It’s summer 1986 in the small Texas town of Bluesummer, and the quad — Tilly, Greer, Hayes, and Troy — want nothing more than one last unforgettable 4th of July blowout before life pulls them in separate directions. Unfortunately, they never got that final celebration. Tilly became the fifth victim of the killer the town would come to call the Songbird Strangler, and all evidence pointed toward someone within the quad. Troy was sent to death row, while Hayes married Greer and refused to acknowledge Troy from that moment forward.
Now, with Troy’s final appeal in hand, attorney Joaquin Ramos of DPAP is searching for a procedural error that could delay the execution date quickly approaching. But Joaquin, along with his office team Bernie and Melrose, discovers something far more disturbing: the possibility that an innocent man is about to die while the real killer has been hiding in plain sight all along.
Everyone connected to the original investigation becomes a suspect again, and Greer — a former journalist turned stay-at-home mom — begins pulling at threads she thought were buried decades ago. The story she has told herself for thirty-five years begins to unravel, including the truth about her own role in Troy’s trial. In Bluesummer, justice was swift. The truth was simply left behind.
Gluhm separates herself from the pack when it comes to character development. There are no throwaway characters in The Bone Nest. Even the smallest roles carry weight — private histories, hidden motivations, and choices that ripple across timelines. By the final pages, it doesn’t feel like you’ve simply read a story; it feels like you’ve spent time with these people and carry pieces of their lives with you.
Each character brings something recognizable and deeply human to the story. Tilly may be short-lived, quite literally, but her presence leaves a lasting mark. Greer is a standout: her decades-old unresolved feelings for Hayes and her growing doubts about the man she built a life beside become the emotional heartbeat of the novel. But her moral compass begins to slowly fracture, revealing the complicated humanity beneath the surface. Despite what it costs her personally, she fights for what she believes is right. Troy, despite everything stacked against him, holds onto his convictions while maintaining a realistic understanding of his situation. Yet he still carries hope. Joaquin balances determination and idealism with a self-deprecating humor that brings moments of needed lightness, while his commitment to a client the world has already condemned makes him impossible not to root for. The romantic threads — Greer’s buried emotions and the slow-building connection between Joaquin and Melrose — add depth without ever overshadowing the mystery. Nobody is reduced to a label or a verdict, which is exactly the point of a story centered around a verdict.

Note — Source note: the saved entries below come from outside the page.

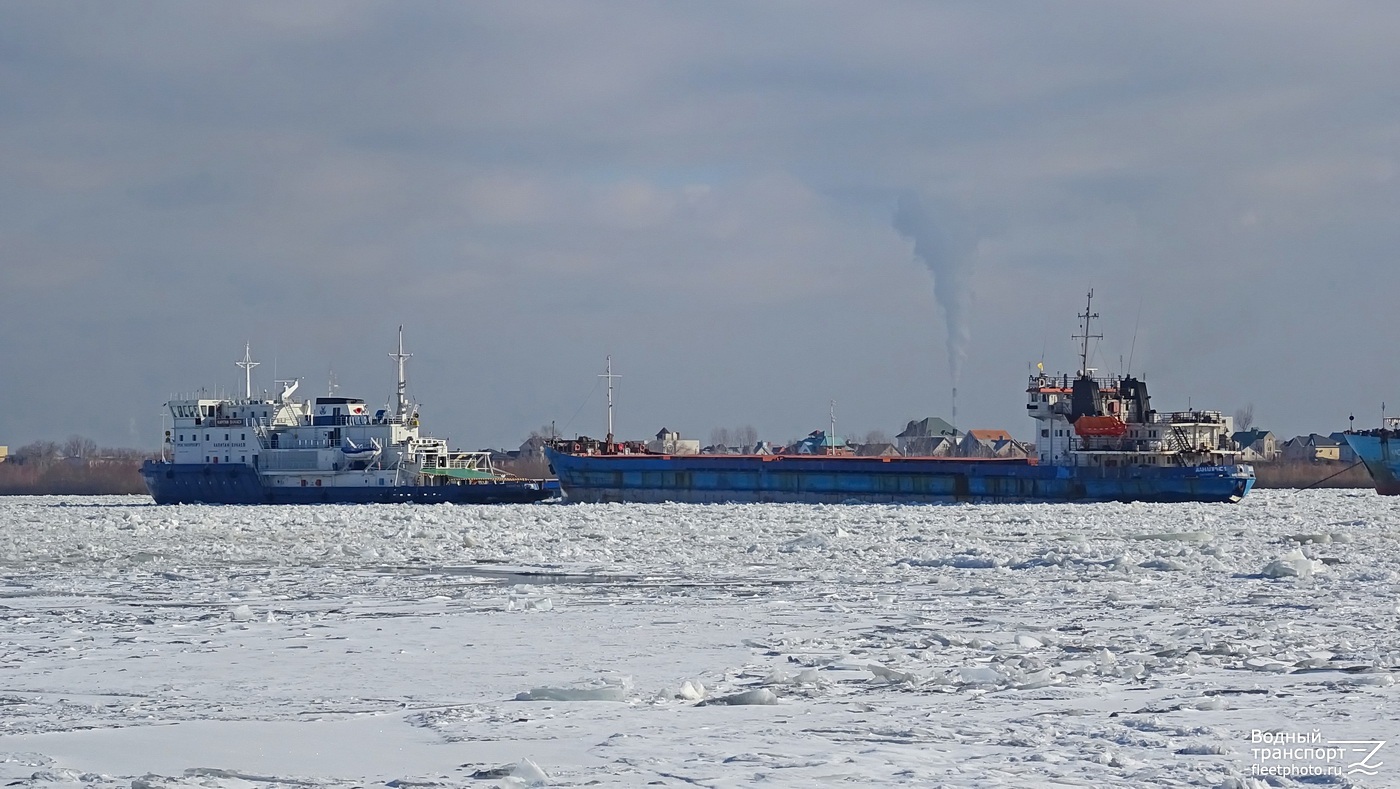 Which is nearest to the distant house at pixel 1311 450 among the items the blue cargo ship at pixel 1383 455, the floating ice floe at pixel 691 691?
the blue cargo ship at pixel 1383 455

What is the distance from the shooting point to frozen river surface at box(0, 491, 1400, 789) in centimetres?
710

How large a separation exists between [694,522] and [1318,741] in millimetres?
25769

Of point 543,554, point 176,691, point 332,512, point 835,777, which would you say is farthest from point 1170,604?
point 332,512

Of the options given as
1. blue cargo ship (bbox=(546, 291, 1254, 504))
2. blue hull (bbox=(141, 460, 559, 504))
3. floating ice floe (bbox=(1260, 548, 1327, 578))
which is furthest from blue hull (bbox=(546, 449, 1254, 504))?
floating ice floe (bbox=(1260, 548, 1327, 578))

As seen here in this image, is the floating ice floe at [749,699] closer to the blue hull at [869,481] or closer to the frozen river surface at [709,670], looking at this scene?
the frozen river surface at [709,670]

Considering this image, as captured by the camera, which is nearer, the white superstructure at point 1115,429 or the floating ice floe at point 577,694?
the floating ice floe at point 577,694

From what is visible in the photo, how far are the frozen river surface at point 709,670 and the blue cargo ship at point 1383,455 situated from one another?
35541 mm

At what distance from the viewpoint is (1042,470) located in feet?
160

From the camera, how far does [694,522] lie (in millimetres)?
32812

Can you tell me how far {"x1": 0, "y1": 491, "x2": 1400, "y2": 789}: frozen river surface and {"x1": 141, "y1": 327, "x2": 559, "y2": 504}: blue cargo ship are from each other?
3055cm

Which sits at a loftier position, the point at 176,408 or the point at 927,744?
the point at 176,408

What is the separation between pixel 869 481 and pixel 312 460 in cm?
2096

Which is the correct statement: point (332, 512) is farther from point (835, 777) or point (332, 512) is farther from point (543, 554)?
point (835, 777)

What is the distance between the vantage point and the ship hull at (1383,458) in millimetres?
52781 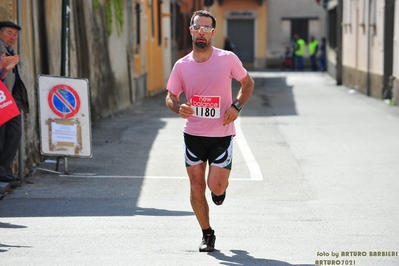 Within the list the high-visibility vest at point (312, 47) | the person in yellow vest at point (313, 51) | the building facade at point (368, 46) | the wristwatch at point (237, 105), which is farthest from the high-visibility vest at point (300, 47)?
the wristwatch at point (237, 105)

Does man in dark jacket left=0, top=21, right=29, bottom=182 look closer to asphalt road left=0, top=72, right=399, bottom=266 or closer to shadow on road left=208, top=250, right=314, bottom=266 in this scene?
asphalt road left=0, top=72, right=399, bottom=266

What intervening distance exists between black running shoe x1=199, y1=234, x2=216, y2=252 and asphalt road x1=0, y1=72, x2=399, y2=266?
0.10m

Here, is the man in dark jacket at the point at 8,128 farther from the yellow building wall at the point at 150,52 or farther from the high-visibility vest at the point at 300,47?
the high-visibility vest at the point at 300,47

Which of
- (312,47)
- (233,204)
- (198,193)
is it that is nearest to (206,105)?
(198,193)

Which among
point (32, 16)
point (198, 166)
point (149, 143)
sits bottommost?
point (149, 143)

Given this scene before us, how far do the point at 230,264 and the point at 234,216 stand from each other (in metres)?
2.34

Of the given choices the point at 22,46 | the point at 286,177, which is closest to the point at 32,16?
the point at 22,46

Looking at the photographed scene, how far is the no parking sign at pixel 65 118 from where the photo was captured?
12.6m

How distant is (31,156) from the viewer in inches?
518

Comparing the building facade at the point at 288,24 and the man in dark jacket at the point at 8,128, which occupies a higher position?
the man in dark jacket at the point at 8,128

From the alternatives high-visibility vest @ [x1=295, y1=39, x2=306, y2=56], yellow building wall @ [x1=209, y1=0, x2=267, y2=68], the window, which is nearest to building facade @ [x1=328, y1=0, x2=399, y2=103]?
the window

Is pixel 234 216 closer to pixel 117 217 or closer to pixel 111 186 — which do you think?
pixel 117 217

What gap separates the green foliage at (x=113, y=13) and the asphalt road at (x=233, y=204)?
13.9ft

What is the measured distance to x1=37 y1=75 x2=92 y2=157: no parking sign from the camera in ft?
41.5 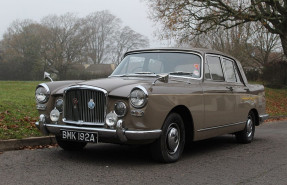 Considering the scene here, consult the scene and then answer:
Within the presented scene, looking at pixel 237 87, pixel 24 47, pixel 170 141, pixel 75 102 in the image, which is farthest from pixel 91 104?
pixel 24 47

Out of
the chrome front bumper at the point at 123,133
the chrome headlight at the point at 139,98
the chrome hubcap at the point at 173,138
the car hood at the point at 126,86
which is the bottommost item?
the chrome hubcap at the point at 173,138

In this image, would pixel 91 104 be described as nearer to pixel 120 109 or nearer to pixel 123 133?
pixel 120 109

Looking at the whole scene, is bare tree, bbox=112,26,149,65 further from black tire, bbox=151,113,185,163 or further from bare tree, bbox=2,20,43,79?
black tire, bbox=151,113,185,163

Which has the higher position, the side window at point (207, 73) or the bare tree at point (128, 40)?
the bare tree at point (128, 40)

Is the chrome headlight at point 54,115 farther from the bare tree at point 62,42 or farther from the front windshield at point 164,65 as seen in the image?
the bare tree at point 62,42

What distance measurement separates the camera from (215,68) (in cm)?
725

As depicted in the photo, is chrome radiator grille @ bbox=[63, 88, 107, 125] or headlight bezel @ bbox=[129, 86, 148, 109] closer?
headlight bezel @ bbox=[129, 86, 148, 109]

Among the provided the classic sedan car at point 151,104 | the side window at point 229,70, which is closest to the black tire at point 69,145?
the classic sedan car at point 151,104

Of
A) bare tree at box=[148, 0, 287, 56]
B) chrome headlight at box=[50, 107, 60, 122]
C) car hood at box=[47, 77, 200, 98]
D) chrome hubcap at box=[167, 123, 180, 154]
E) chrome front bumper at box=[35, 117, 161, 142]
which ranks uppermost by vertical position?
bare tree at box=[148, 0, 287, 56]

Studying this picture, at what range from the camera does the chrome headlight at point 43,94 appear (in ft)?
19.3

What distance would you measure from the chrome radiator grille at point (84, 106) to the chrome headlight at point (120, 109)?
19cm

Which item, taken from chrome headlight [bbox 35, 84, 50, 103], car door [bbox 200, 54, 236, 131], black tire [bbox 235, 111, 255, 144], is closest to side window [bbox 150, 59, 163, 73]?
car door [bbox 200, 54, 236, 131]

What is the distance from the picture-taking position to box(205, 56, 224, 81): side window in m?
7.06

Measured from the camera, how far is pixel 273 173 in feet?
17.1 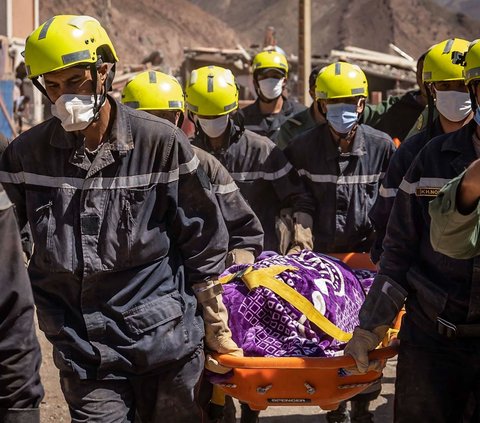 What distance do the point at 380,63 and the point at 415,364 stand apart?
87.1ft

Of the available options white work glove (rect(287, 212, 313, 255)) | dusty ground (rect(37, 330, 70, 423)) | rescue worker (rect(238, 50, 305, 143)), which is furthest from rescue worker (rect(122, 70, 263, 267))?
rescue worker (rect(238, 50, 305, 143))

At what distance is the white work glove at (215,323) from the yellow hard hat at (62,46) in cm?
Answer: 104

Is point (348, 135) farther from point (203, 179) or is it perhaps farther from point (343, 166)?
point (203, 179)

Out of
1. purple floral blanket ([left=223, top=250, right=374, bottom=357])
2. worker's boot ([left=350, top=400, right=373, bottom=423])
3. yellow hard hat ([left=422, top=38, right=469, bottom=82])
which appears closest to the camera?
purple floral blanket ([left=223, top=250, right=374, bottom=357])

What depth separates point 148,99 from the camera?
5.43 meters

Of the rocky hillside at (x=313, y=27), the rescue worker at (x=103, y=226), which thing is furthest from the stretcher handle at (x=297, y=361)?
the rocky hillside at (x=313, y=27)

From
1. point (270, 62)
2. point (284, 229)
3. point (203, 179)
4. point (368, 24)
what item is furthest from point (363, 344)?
point (368, 24)

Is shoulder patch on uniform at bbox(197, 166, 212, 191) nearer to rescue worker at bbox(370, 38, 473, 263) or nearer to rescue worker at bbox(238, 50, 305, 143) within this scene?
rescue worker at bbox(370, 38, 473, 263)

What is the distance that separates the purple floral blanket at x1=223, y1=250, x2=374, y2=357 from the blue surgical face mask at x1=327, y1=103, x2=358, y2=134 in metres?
1.46

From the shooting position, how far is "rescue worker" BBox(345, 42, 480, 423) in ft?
12.4

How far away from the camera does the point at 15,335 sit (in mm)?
2963

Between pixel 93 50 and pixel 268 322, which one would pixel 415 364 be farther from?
pixel 93 50

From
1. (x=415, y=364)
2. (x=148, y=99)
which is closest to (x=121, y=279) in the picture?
(x=415, y=364)

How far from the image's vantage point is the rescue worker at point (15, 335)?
288 centimetres
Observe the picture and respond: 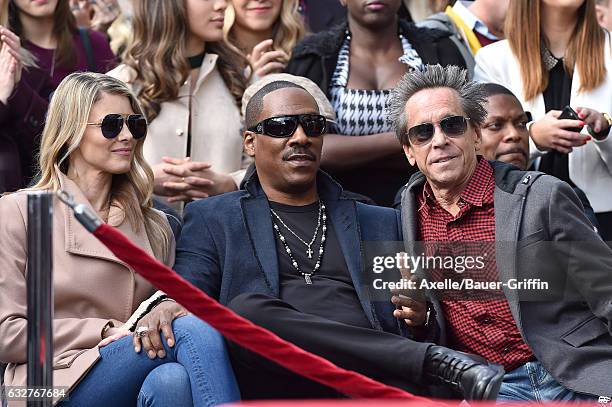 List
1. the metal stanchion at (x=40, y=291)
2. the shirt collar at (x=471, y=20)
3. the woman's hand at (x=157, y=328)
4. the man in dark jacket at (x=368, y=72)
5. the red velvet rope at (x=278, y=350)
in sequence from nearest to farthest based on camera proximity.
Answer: the metal stanchion at (x=40, y=291) < the red velvet rope at (x=278, y=350) < the woman's hand at (x=157, y=328) < the man in dark jacket at (x=368, y=72) < the shirt collar at (x=471, y=20)

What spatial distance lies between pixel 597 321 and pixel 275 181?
1.54 meters

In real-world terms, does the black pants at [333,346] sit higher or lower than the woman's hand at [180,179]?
lower

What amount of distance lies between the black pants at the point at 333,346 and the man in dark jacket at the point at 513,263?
35cm

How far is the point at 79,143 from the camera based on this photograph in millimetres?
5535

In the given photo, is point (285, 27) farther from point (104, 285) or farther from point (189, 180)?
point (104, 285)

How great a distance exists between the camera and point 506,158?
20.6 ft

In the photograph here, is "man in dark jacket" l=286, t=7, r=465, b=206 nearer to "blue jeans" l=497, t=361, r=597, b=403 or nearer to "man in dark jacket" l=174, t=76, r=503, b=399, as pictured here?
"man in dark jacket" l=174, t=76, r=503, b=399

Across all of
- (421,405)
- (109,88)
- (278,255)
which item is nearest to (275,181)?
(278,255)

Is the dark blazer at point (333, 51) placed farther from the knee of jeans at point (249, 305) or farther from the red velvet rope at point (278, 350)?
the red velvet rope at point (278, 350)

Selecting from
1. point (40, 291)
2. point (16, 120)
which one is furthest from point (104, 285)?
point (16, 120)

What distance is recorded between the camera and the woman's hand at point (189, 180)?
20.8ft

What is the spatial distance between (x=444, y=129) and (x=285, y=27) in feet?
6.12

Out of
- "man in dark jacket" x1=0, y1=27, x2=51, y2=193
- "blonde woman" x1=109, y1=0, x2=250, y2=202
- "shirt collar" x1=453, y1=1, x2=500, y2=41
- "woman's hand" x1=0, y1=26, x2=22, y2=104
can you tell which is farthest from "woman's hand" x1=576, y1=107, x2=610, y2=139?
"woman's hand" x1=0, y1=26, x2=22, y2=104

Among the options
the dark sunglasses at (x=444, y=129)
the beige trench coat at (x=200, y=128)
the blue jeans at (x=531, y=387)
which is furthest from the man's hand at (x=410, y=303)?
the beige trench coat at (x=200, y=128) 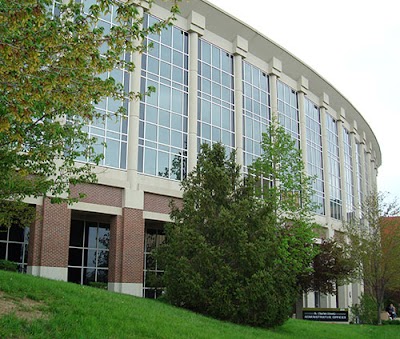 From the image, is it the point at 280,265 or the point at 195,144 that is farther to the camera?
the point at 195,144

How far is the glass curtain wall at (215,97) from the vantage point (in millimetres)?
34094

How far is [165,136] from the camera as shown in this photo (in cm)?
3114

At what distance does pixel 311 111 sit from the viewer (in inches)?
1855

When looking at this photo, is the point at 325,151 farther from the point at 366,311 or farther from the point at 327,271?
the point at 327,271

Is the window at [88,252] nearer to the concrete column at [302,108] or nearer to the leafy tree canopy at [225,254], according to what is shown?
the leafy tree canopy at [225,254]

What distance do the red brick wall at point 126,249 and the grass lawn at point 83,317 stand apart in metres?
12.3

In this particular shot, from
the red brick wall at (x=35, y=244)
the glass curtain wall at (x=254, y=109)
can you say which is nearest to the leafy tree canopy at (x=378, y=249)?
the glass curtain wall at (x=254, y=109)

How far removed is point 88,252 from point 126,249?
372 cm

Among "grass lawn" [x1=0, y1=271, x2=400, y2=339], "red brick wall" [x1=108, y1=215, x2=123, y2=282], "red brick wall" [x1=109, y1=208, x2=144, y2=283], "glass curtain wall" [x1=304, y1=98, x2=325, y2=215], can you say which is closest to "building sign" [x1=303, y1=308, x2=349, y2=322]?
"red brick wall" [x1=109, y1=208, x2=144, y2=283]

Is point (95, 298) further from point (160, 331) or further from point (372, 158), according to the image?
point (372, 158)

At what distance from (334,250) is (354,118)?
1070 inches

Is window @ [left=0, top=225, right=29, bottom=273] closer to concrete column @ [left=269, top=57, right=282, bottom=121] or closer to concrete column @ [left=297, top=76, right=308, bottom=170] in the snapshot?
concrete column @ [left=269, top=57, right=282, bottom=121]

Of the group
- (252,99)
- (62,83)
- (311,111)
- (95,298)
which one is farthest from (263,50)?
(62,83)

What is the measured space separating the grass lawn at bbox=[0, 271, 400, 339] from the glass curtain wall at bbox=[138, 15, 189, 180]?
1561 cm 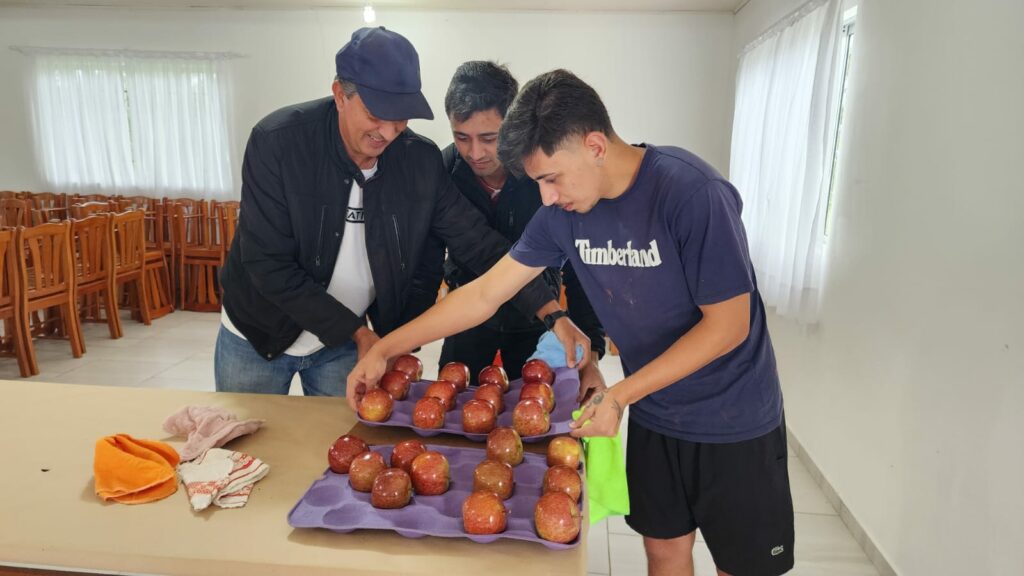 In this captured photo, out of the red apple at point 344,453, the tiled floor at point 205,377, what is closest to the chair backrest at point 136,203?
the tiled floor at point 205,377

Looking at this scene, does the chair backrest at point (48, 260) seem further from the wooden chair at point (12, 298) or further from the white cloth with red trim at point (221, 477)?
the white cloth with red trim at point (221, 477)

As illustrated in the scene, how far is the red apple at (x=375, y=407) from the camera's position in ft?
4.75

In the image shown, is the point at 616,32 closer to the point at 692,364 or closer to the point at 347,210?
the point at 347,210

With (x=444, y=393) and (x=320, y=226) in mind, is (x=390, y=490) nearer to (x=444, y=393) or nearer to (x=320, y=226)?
(x=444, y=393)

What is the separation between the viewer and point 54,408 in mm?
1563

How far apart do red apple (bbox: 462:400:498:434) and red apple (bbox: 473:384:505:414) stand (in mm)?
47

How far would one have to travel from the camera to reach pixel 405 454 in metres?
1.26

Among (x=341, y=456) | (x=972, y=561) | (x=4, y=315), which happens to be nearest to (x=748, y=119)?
(x=972, y=561)

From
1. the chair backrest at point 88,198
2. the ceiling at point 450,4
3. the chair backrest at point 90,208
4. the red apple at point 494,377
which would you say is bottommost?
the red apple at point 494,377

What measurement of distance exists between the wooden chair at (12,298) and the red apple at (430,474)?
13.6 ft

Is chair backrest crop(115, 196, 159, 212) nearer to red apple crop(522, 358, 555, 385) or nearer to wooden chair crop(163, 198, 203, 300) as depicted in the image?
wooden chair crop(163, 198, 203, 300)

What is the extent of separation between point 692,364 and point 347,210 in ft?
3.27

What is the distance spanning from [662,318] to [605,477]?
37 centimetres

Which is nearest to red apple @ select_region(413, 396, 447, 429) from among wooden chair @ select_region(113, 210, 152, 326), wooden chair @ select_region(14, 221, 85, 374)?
wooden chair @ select_region(14, 221, 85, 374)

One of the things I found most compelling is the moral complexity Gluhm brings to her characters. Feeling two opposing emotions about the same person at the same time is not easy to accomplish, yet Gluhm captures it beautifully: sympathy and suspicion, tenderness and resentment, grief and anger. The characters live in those uncomfortable gray spaces where real people exist.
The dual timeline structure is handled with impressive control, moving between the sweltering summer of 1986 and the present-day countdown to Troy’s execution. The transitions feel intentional, allowing the past and present to constantly push against each other while building tension. The ticking clock becomes the heartbeat of the story, reminding readers that every second matters as everyone races to uncover the truth buried inside a thirty-five-year-old case.
And then there is Texas — not simply a setting, but a character with its own heartbeat. You feel the suffocating heat, the weight of a small town that remembers everything, and the pressure of expectations that follow people long after they thought they escaped them. Gluhm’s writing is deliberate and vivid without becoming overwhelming. The pacing never loses momentum, the misdirection works beautifully, and the twists feel earned rather than forced. The final revelation lands because the atmosphere has been quietly laying the groundwork all along.
I can’t recommend The Bone Nest by Shanessa Gluhm enough. It’s a compulsive, character-driven psychological thriller that delivers everything you hope for from the genre. Gluhm gives readers a gripping mystery, unpredictable twists, and a moral question that refuses to offer an easy answer.
Thank you to author Shanessa Gluhm and Lone Star Literary Life for the opportunity to Alpha/Beta/ARC The Bone Nest. As always, all opinions and reviews are of my own volition — Karen Brooks, The Tx Lit Chic. I have not been promised any compensation, current or future, for a fair and honest review.